Hommage aux 45 fusillés de Belle-Beille (Angers)

Les cérémonies commémoratives comme celle que nous partageons ce matin n’ont de sens que lorsqu’elles sont orientées vers la jeunesse, portées par la jeunesse.
A travers les programmes qu’ils enseignent, les professeurs sont les mieux placés pour transmettre les valeurs républicaines mais aussi pour déceler les dérives qu’elles soient idéologiques ou religieuses.
Plusieurs d’entre-eux sont présents ce matin avec leurs élèves bien que nous soyons en période de vacances scolaires. Qu’ils soient remerciés pour l’importance qu’ils accordent à notre histoire, particulièrement celle de la Résistance et de la Déportation. Chaque année, avec reconnaissance et fidélité, nous venons donc ici pour rendre hommage aux fusillés de Belle-Beille.
Ces hommes pour la plupart très jeunes n’avaient probablement jamais imaginé mourir en héros. Mais il y eut cette seconde guerre mondiale qui ne ressemblait aux autres ni dans son déroulement ni dans ses conséquences.
A partir de 1942, dans notre pays occupé, des anonymes, des Français ordinaires, ulcérés d’être au quotidien épiés, soupçonnés, méprisés, des hommes, portés par une détermination fulgurante d’opposition, ont trouvé en eux la force d’affronter les oppresseurs. Ils ne supportaient plus les humiliations, les privations, les restrictions, les contrôles d’identité, les drapeaux nazis au fronton de nos édifices, pas plus que cette furie paranoïaque, cette abjection frénétique, obsessionnelle : la haine des juifs.
Ces Français patriotes n’en pouvaient plus de supporter l’occupant parvenu à l’excellence dans la pratique du pillage, dans l’art de la domination. Ils n’en pouvaient plus de devoir sans cesse parler bas, étouffer leurs convictions, quémander une autorisation, baisser le volume de leur radio, camoufler leurs lumières, obscurcir leurs fenêtres, se méfier des voisins, descendre d’un trottoir pour laisser passer les vainqueurs. De toutes ces frustrations sont nés leur courage et leur audace.

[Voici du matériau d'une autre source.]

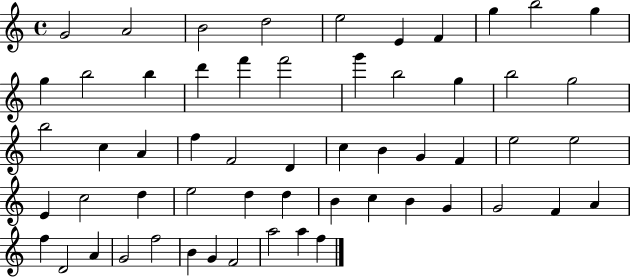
X:1
T:Untitled
M:4/4
L:1/4
K:C
G2 A2 B2 d2 e2 E F g b2 g g b2 b d' f' f'2 g' b2 g b2 g2 b2 c A f F2 D c B G F e2 e2 E c2 d e2 d d B c B G G2 F A f D2 A G2 f2 B G F2 a2 a f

Ils n’avaient pas d’armes ni de fortune mais une volonté farouche de bouter les oppresseurs hors de France. Ils avaient tout simplement leur amour propre et le sens du devoir. Ils ne reconnaissaient plus la France indépendante, équitable, fraternelle qu’on leur avait enseignée : celle de l’esprit des lumières, celle de Victor Hugo, le pays des Droits de l’homme
D’ailleurs quels droits leur restait-il ? Où étaient passés, le respect de l’autre et de sa différence, la liberté, l’égalité, la fraternité qui préconisent le droit d’asile, le droit de s’exprimer, de penser, de se déplacer. Le droit de vivre tout simplement  ! Ils ne reconnaissaient plus les rues de leurs villes sans les statues déboulonnées par les occupants pour forger leurs canons. Ils détestaient le bruit de leurs bottes dans les rues, celui assourdissant et narquois de leur fanfare sous les kiosques de nos jardins publics.
Alors, dans un trop plein d’angoisse et de chagrin, chacun d’eux a choisi d’agir. Chacun d’eux, ulcéré par l’arrogance des nazis a décidé de «résister ». Permettez-moi d’emprunter à Mark Twain cette très belle formule : « Ils ne savaient pas que c’était impossible, alors ils l’ont fait ! »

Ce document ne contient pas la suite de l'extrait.